• WHAT TO PRODUCE: Exact wording is required: give all the records again, minus the pictures.

• SUPPLIED RECORDS:
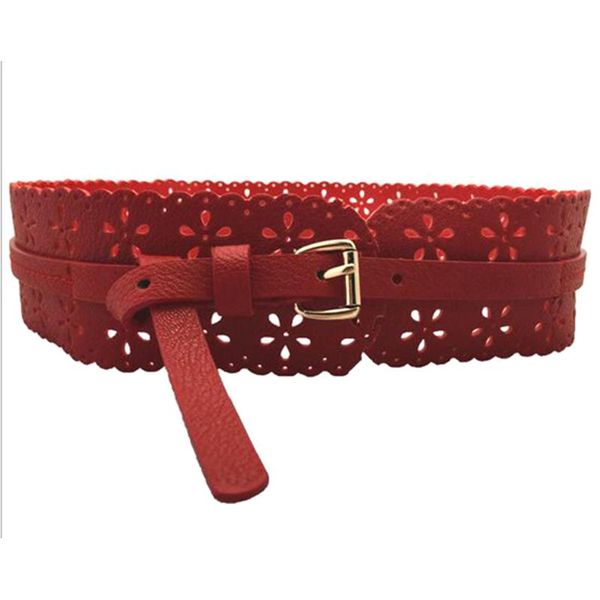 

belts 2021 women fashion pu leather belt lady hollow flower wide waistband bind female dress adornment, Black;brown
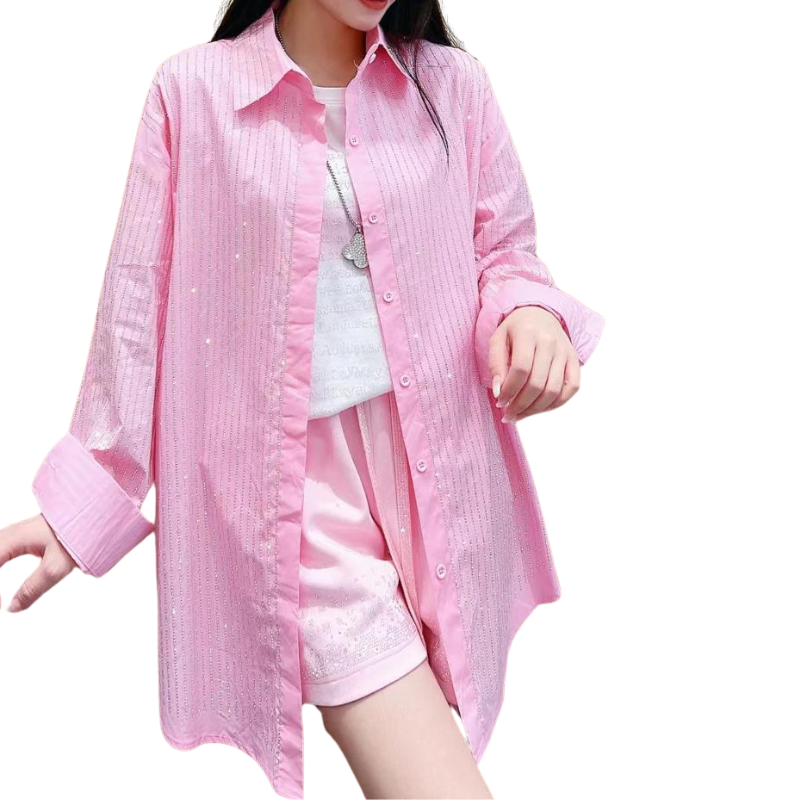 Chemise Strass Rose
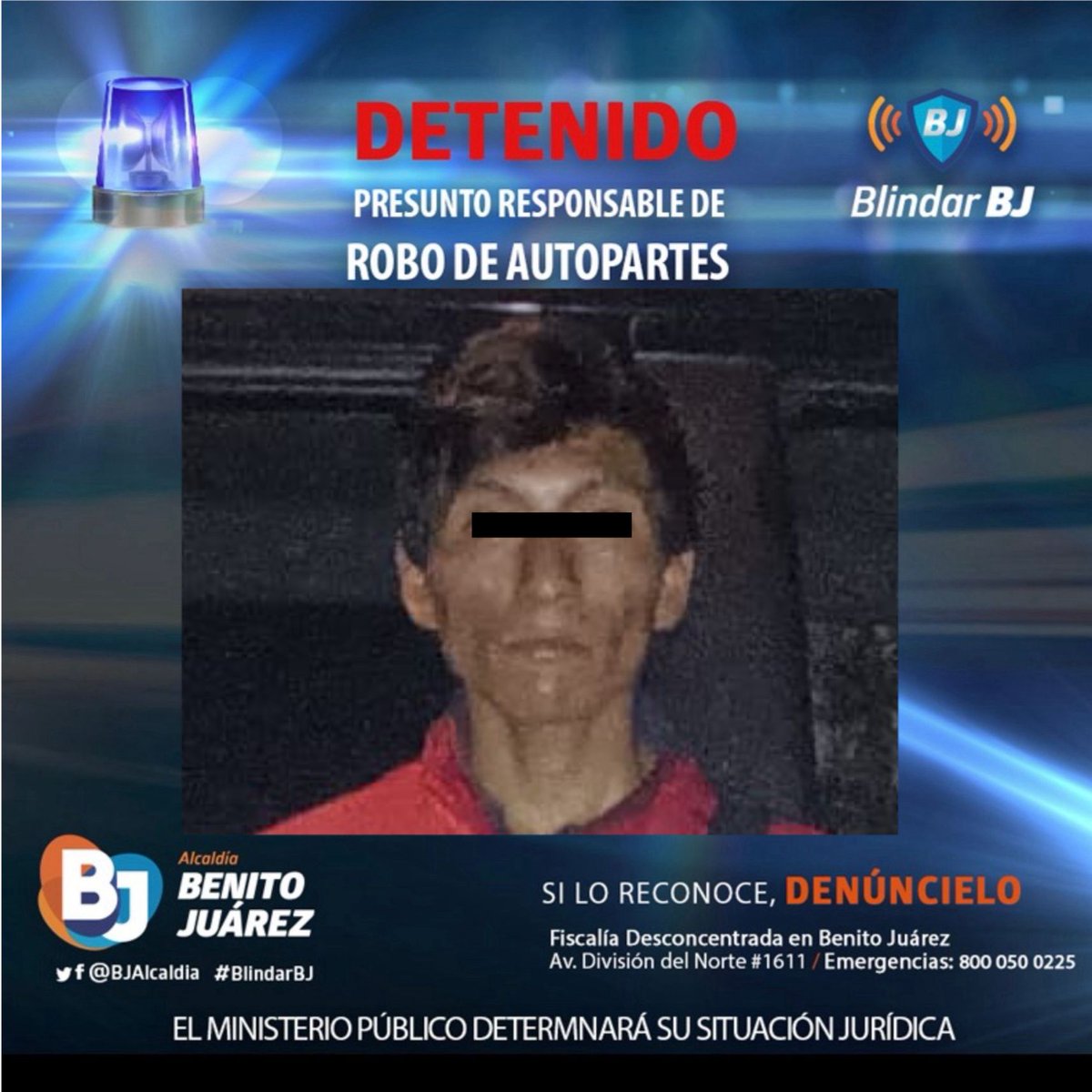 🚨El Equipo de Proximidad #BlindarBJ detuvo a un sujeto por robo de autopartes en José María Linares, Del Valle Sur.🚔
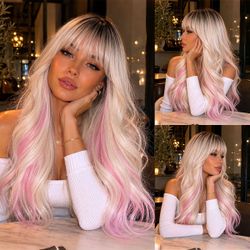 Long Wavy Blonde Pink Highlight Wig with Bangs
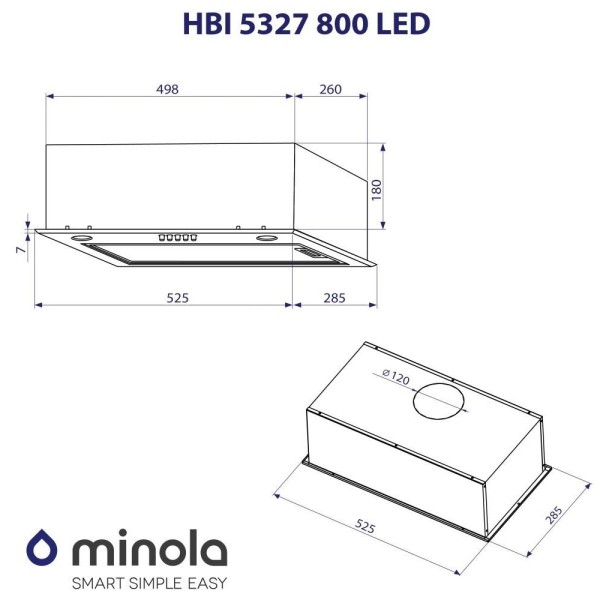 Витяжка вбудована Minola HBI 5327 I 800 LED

• RESULT OF THIS EXERCISE:
belts 2021 women fashion pu leather belt lady hollow flower wide waistband bind female dress adornment, Black;brown
 Chemise Strass Rose
 🚨El Equipo de Proximidad #BlindarBJ detuvo a un sujeto por robo de autopartes en José María Linares, Del Valle Sur.🚔
 Long Wavy Blonde Pink Highlight Wig with Bangs
 Витяжка вбудована Minola HBI 5327 I 800 LED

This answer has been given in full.